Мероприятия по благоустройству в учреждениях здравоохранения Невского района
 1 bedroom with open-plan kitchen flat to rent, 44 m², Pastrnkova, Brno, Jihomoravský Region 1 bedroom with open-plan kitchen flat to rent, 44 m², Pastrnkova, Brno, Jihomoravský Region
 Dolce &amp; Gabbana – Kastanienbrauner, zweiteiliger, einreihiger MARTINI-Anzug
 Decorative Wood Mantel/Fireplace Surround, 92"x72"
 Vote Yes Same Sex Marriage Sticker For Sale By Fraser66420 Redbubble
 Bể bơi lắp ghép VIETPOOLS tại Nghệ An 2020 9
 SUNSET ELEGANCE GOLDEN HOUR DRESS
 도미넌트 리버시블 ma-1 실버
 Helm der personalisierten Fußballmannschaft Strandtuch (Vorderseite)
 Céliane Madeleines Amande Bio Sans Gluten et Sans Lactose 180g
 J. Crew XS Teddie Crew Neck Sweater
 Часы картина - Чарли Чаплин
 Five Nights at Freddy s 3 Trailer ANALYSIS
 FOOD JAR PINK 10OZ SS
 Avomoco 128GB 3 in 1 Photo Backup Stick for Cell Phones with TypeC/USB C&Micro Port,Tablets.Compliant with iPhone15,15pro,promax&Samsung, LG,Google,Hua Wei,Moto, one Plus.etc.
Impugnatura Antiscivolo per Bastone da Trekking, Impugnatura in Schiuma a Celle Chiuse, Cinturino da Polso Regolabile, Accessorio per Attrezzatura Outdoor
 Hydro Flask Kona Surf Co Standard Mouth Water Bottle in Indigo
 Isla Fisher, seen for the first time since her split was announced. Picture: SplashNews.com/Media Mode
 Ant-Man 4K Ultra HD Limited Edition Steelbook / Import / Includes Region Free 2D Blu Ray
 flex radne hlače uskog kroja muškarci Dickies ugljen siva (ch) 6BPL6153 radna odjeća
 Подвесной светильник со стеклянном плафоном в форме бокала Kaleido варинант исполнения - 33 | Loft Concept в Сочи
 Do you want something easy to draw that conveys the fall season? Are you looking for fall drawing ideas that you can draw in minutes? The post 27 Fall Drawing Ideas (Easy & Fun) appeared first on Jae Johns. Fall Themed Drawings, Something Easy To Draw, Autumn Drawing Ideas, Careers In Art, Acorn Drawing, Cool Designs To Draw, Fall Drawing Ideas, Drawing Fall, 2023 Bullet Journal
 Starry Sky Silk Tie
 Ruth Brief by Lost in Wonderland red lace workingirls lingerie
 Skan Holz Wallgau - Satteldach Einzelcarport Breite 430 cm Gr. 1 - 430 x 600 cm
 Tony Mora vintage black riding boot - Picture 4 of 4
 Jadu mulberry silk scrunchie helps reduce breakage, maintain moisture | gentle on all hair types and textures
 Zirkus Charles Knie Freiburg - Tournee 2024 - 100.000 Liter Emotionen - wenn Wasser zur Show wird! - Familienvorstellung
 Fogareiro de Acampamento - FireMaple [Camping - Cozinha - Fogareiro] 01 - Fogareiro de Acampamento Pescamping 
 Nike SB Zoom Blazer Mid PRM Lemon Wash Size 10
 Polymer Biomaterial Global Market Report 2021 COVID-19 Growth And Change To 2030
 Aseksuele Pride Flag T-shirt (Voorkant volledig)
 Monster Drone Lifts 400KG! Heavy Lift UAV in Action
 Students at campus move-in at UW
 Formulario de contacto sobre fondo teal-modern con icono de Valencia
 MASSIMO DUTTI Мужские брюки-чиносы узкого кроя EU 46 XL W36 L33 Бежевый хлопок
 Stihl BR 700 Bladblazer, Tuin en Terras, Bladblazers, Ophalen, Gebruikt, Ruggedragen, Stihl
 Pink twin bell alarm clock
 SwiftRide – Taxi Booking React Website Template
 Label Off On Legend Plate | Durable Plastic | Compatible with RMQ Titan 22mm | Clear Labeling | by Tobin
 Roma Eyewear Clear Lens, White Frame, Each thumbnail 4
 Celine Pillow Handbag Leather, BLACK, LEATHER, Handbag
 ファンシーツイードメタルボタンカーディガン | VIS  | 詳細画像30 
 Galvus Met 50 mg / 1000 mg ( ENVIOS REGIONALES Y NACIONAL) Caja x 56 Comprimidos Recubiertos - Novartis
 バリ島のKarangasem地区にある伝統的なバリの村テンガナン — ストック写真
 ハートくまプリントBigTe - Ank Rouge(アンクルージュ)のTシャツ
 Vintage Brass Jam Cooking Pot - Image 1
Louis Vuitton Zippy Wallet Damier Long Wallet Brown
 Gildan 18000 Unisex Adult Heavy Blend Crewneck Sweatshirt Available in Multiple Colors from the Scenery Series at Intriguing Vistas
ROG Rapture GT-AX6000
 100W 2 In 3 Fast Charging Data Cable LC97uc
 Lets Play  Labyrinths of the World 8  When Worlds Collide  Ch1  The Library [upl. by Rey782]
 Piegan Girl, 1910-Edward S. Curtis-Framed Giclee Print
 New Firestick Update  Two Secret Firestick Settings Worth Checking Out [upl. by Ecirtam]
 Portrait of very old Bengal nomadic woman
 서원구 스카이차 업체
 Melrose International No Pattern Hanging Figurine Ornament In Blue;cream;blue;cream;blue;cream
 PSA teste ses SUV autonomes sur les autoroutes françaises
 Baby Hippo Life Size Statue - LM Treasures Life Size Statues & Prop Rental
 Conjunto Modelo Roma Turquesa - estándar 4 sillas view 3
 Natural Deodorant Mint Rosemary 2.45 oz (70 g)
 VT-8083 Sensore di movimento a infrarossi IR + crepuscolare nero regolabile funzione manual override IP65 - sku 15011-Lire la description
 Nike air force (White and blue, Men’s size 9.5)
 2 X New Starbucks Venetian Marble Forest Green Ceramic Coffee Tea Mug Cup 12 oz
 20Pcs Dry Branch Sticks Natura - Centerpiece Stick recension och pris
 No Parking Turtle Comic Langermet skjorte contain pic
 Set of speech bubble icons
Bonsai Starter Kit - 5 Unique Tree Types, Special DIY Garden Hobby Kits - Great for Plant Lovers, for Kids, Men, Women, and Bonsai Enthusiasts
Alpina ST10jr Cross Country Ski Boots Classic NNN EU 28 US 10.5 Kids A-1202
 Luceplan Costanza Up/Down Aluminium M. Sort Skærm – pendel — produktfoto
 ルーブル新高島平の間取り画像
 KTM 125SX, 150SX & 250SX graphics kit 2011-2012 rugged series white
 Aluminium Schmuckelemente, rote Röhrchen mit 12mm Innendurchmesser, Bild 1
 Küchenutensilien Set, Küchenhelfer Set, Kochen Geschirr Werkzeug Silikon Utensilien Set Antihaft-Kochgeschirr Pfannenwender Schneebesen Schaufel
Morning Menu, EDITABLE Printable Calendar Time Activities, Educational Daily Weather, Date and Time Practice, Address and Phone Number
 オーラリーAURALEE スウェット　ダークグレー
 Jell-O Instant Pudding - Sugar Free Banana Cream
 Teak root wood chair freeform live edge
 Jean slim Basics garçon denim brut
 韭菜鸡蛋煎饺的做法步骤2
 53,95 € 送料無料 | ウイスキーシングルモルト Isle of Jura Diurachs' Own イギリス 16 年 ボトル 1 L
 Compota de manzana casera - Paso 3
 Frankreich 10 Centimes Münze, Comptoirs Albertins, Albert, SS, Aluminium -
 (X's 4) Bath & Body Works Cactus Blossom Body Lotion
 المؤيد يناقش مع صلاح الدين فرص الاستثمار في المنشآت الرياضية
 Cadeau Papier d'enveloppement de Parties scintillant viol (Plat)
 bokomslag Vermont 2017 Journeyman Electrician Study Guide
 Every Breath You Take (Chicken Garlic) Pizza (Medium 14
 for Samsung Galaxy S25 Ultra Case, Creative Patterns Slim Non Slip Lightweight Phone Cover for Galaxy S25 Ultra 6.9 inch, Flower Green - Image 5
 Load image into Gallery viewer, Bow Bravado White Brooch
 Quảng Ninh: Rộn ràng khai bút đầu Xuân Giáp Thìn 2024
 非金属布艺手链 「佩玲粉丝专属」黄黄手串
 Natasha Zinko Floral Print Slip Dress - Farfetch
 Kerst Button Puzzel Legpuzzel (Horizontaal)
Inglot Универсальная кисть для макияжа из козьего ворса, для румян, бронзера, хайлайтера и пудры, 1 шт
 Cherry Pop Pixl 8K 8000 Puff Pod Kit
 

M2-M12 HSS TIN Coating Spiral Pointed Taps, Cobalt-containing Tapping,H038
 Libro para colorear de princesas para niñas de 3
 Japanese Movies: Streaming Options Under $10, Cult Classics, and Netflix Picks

◆ ◆ ◆ ◆

→ Work instruction
Among the records above, extract exactly the lines from the line with "Five Nights at Freddy s 3 Trailer ANALYSIS" to the line with "Avomoco 128GB 3", both lines included, and leave out the rest.

→ Task result
 Five Nights at Freddy s 3 Trailer ANALYSIS
 FOOD JAR PINK 10OZ SS
 Avomoco 128GB 3 in 1 Photo Backup Stick for Cell Phones with TypeC/USB C&Micro Port,Tablets.Compliant with iPhone15,15pro,promax&Samsung, LG,Google,Hua Wei,Moto, one Plus.etc.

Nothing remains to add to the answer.